Однако была и другая Екатерина — в шёлковых платьях с жемчугом и драгоценными камнями, с придворным штатом, состоящим из княгинь, графинь и просто очень красивых придворных дам. Она сияла на праздниках, и когда во дворце Меншикова проходили роскошные приёмы, а в саду запускали чудесные фейерверки, которые Пётр очень любил, князь склонял голову перед своей бывшей служанкой, признавая её царицей.

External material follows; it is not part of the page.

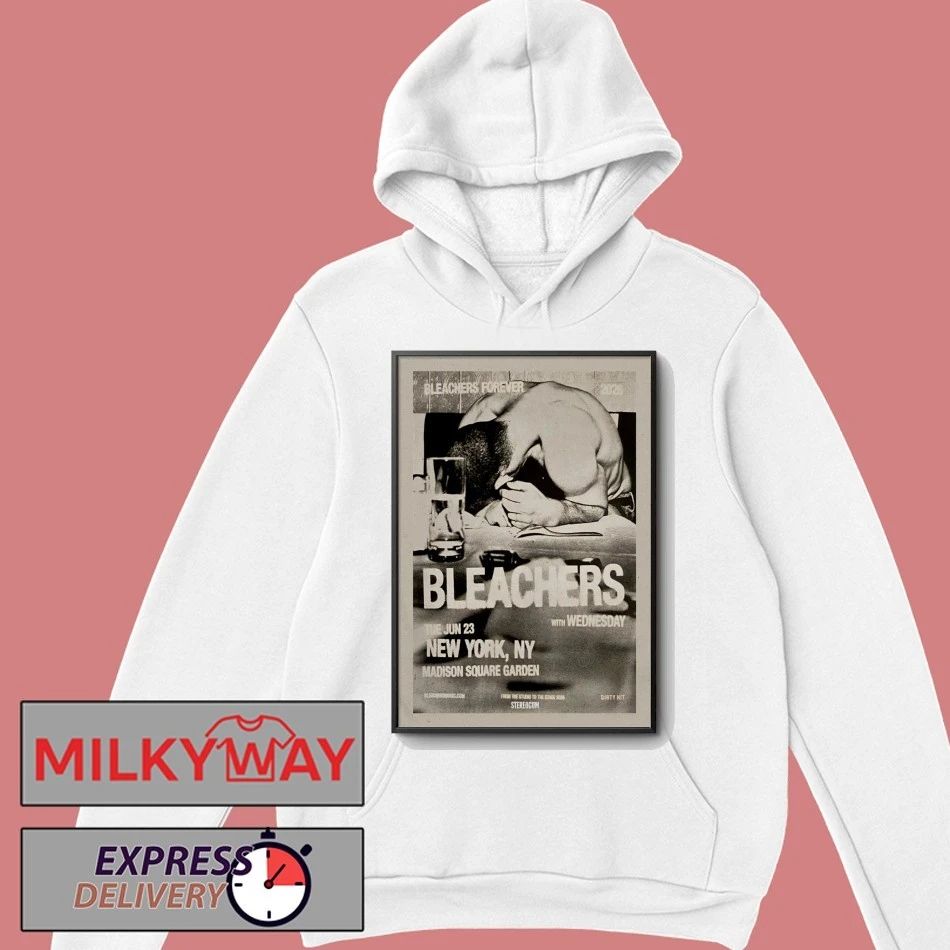 Bleachers June 23 2026 At Madison Square Garden Show Poster shirt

Царица появилась перед Вахтером в скромном платье, которое обычно носила, когда не выполняла официальных обязанностей. Она выглядела, как обычная женщина из рабочей семьи, немного располневшая от родов, с внимательным, всё замечающим взглядом.

— Собираешься всё здесь перестроить?— спросила она Вахтера. — Оборудовать Янтарный кабинет? Царь рассказывал мне об этой комнате. Как она выглядит?

— Это трудно объяснить, надо видеть, ваше величество. Этого не передать словами.

— Так красиво?

— Как солнце, отражённое в тысячах золотых камней.

— Тогда установи её, — кивнула Екатерина. — О красоте можешь рассказывать в любое время.

На четвёртый день работ, когда снесли стену и рабочие приступили к разборке деревянных перекрытий между этажами и начали обшивать стены деревом, появился царь. На нём были рабочие штаны в пятнах, рубаха из грубой ткани и кожаный фартук, тоже весь в пятнах. В руках он держал рубанок и пилу. За пояс фартука были заткнуты три молотка, маленькая линейка и отвес круглой формы.

— Какие же лентяи здесь работают! — воскликнул он громовым басом. — Я покажу вам, как должен работать плотник. Поучитесь сначала в Голландии, прежде чем прикасаться к доске! Фёдор Фёдорович…

— Я здесь, ваше величество.

Вахтер подошёл к царю.

— Ты здесь старший. Показывай, что мне делать! — Он положил инструменты на пол и потёр руки. — Не церемонься и дай мне задание. Я сейчас опять Питер, плотник. Бог свидетель, как это прекрасно!

Две недели, по три часа каждый день, царь работал вместе со всеми, устанавливая Янтарную комнату. И трудился не хуже, чем самые хорошие петербургские столяры. Вместе с инструментами он приносил и внушающую страх трость из испанского тростника с вырезанным своими руками набалдашником из слоновой кости. Трость часто прогуливалась по спинам других столяров, если Петр замечал искривлённый гвоздь, косую доску, невертикальные стыки или неровные угловые соединения.

— В Голландии вас всех утопили бы, как слепых котят! — ворчал он на них. — И такие идиоты строят мой город? Да он обрушится, теперь я уверен! Вы все закончите свою жизнь на виселице, на колу, на колесе, под кнутом.

Это была тяжёлая работа, но уже через одиннадцать дней комнаты перестроили так, что получился один зал с нужными для Янтарной комнаты размерами. Стоящие в конюшнях огромные ящики открыли, панели, фигурки, цоколи, карнизы и орнаменты осторожно разложили и осмотрели. Как ни странно, ничего не сломалось, несмотря на тяжелый путь от Берлина до Петербурга.